Ein von einer Arbeitsgruppe zu »Kunst und Erwachsenenbildung« des BBK vorgelegtes Konzept Zur Integration der bildenden Kunst in den Bereich der allgemeinen Weiterbildung argumentiert, dass strukturelle Veränderungen in der Erwerbsarbeit erwarten ließen, dass der Bevölkerung in Zukunft mehr arbeitsfreie Zeit zur Verfügung stünde, die durch aktive Teilhabe an der kulturellen Produktion sinnvoll gefüllt werden könne. Zudem würden neue Produktionsformen zu neuen Anforderungsprofilen führen, weg von der mechanisch-physischen Leistung, hin zu der Fähigkeit, Zusammenhänge zu erfassen und zur Bereitschaft zu größerer Mobilität. Und zum Dritten könne die Beschäftigung mit künstlerischen Verfahren den Zurichtungen der Kulturindustrie, ihrer »Informationsschwemme und Informationsmanipulation« entgegensteuern, da sie über die Entwicklung von Geschichtsbewusstsein und durch Aufklärung über die Produktionsstrategien der »Informations- und Warenästhetik« zur Entwicklung der Kritikfähigkeit und zur Befähigung, die eigenen Interessen zu visualisieren, beitrage. (BBK 1973:6ff.). Die Ähnlichkeiten zwischen diesen und früheren Begründungen sind deutlich. Die Wirkungsversprechen künstlerischen Handelns in der Bildung sind für eine sozialdemokratische Regierung verheißungsvoll. Durch die unter Kanzler Willi Brand 1976 eingerichteten bundesweiten Modellversuche Künstler und Schüler, Künstler und Lehrlinge, Künstler und Kinder wird der Einsatz von Künstler*innen in deutschen Schulen zum ersten Mal auf breiter Ebene ausprobiert und wissenschaftlich begleitet (Bundesminister für Bildung und Wissenschaft 1978–1980). Diese Versuche enden 1982 mit der konservativ-liberalen Wende. Nur die Kulturpädagogische Arbeitsstelle für Künstlerweiterbildung an der UdK, eingerichtet im Zuge der Modellversuche als Ausbildungseinheit für Künstler*innen, die ihre Arbeit in den gesellschaftlichen Handlungsfeldern verorten wollen, bleibt bestehen – das heutige Institut für Kunst im Kontext, an dem die KontextSchule angesiedelt ist.

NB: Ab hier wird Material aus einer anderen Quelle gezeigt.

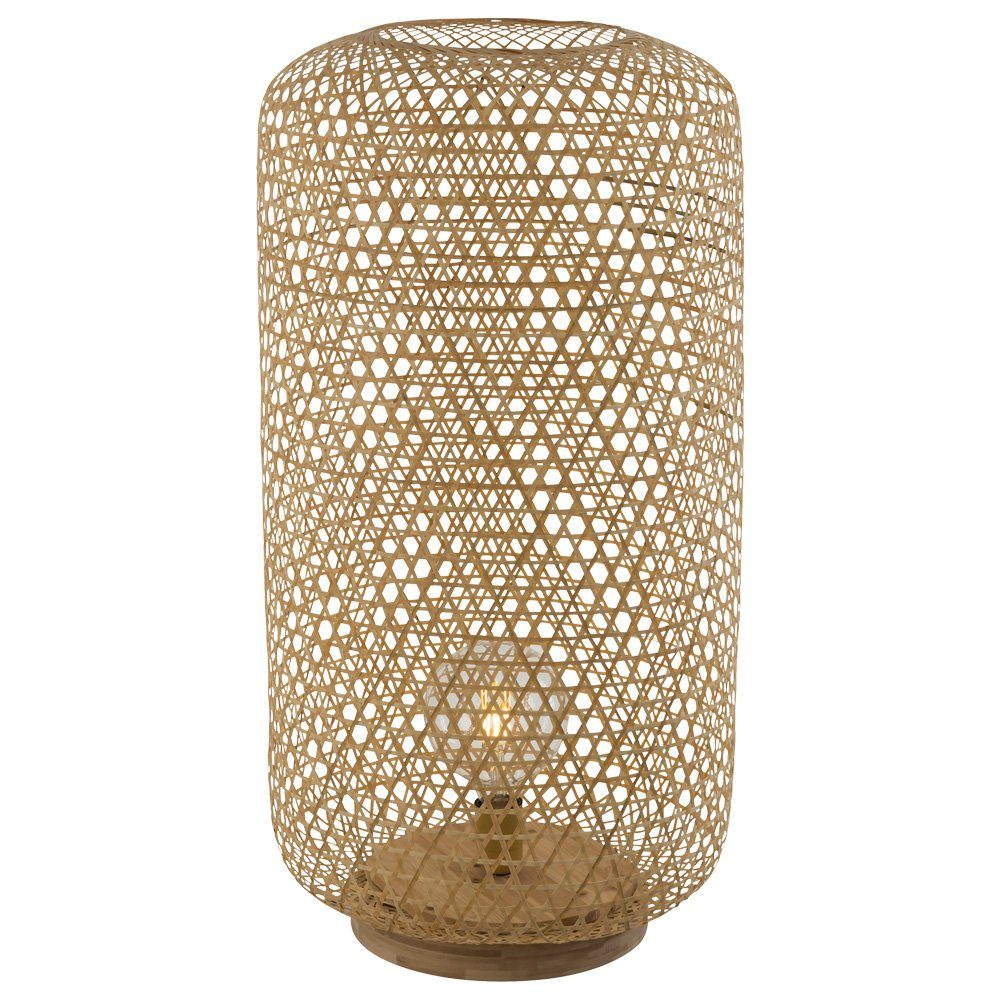 etc-shop Dekolicht, Leuchtmittel Bambus Stehlampe Schlafzimmerleuchte Schirm H nicht 77 Boho-Stil cm Natur inklusive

Der Begriff Freiheit taucht in den Postulaten marxistisch informierter deutscher Künstler*innen und Kunstpädagog*innen der 1970er Jahre häufig auf: Kunst müsse die Mitglieder der Gesellschaft dazu befähigen, »Freiheit als gesellschaftliches Ziel auszudrücken und die Voraussetzungen für solche Freiheit sichtbar werden zu lassen« (Kulturpolitik 1973:10). Sie berufen sich auf Vertreter*innen sozialistischer künstlerischer Bildungsarbeit aus den 1920er Jahren und adressieren emphatisch die Arbeiterklasse. Aber welche Arbeiterklasse, welche und wessen Freiheit sind gemeint? Die Zentrierung von weiß sein und Bürgerlichkeit setzt sich auch in dieser Phase künstlerischen Engagements in der Bildungsarbeit fort. Es sind weiterhin vor allem rassifizierte (Nicht-)Teilnehmer*innen, die Schwarzen und migrantisierten Teile der urbanen Bevölkerung, die in den kunst/pädagogischen Angeboten als defizitäre Andere entworfen oder komplett entnannt werden, und auch die Adressierung weißer Arbeiter*innenkinder, Jugendlicher und Erwachsener kommt nicht ohne Paternalismus aus. Wiederum gibt es in den künstlerisch-pädagogischen Projekten kaum Bündnisse mit existierenden Selbstorganisationen.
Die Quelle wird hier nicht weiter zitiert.